I just came across a tool on the Festvox site that might be helpful:
find_nice_prompts: tools for building balanced prompt lists
Scripts for finding a nice set of prompts. Given a large set of text data find a balanced subset of "nice" prompts that can be recorded.
I haven't had a chance to look at it in detail.
It's possible to make a good voice with relatively small database - an hour or two of speech, but modern ones include from 5 up to 30 hours of speech. Also note that 30 hours usually include various kinds of emotional speech and so on.
Is it better to use large database nobody knows. Some researches state that small but well designed database is better others say that bigger database gives you better coverage.
My understanding is that it depends on the type of Text-To-Speech ("TTS") engine your are using.
If you use a TTS engine that is based on the concatenation of diphones (like the MBROLA speech synthesizer - though this is not a true 'text'-to-speech engine since it doesn't accept raw text for input), then using speech from more than one person will not sound natural, since different parts of a word may contain speech from different people.
HTS uses Hidden Markov Modeling to generate speech. HMMs are also used for speech recognition (Sphinx/HTK/Julius all use HMMs). In this case, rather than using statistical models (HMMs) to recognize speech, they are used to generate speech. Thus the use of many speakers is possible (not sure how many would be the maximum), because the differences in speakers should be smoothed out by the statistical modelling process.
The Festival Speech Synthesis System can use different types of Text-to-speech engines (it can use MBROLA, HTS, ...). It default engine is a Multisyn general purpose unit selection synthesis engine. This excerpt(1) describes the Festival multisyn implementation:
The multisyn implementation in Festival uses a conventional unit selection algorithm. A target utterance structure is predicted for the input text, and suitable diphone candidates from the inventory are proposed for each target diphone. The best candidate sequence is found that minimises target and join costs.

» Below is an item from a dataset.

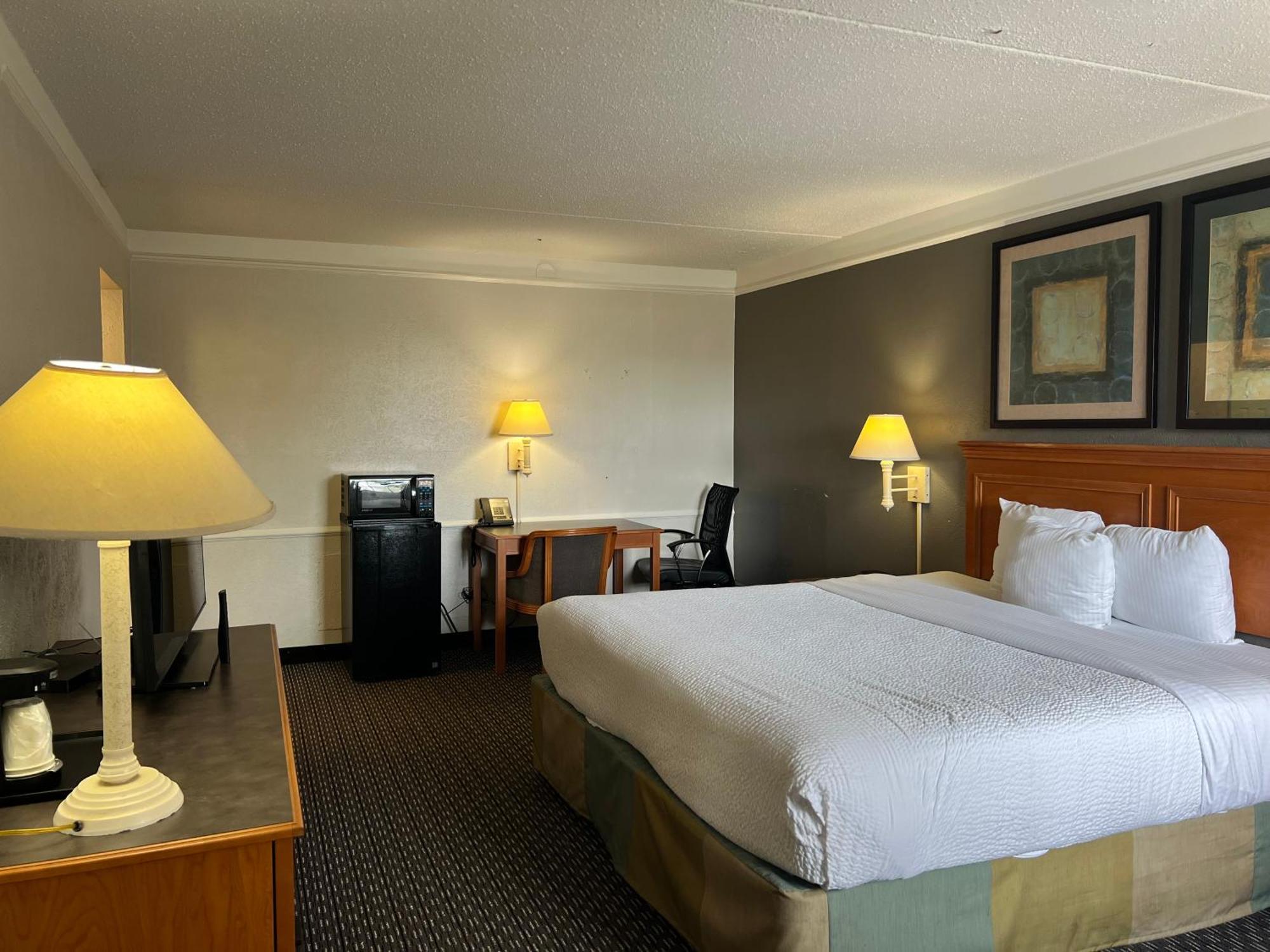 Rodeway Inn 2*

So it seems like that Festival's multisyn implementation uses diphones. Because of this it would likely have the same problems as MBROLA if more than one person was used for creating the audio based for the TTS model.
(1) Multisyn Voices from ARCTIC Data for the Blizzard Challenge, Robert Clark, Korin Richmond and Simon King, CSTR, The University of Edinburgh, Edinburgh, UK.
Nothing was built.
Well, it's not that required nowdays since openmary released their German voices under BSD license. But still would be interesting do do for someone who wants to become familar with Festival voice building. Also, it will be GPL, which is important for some people.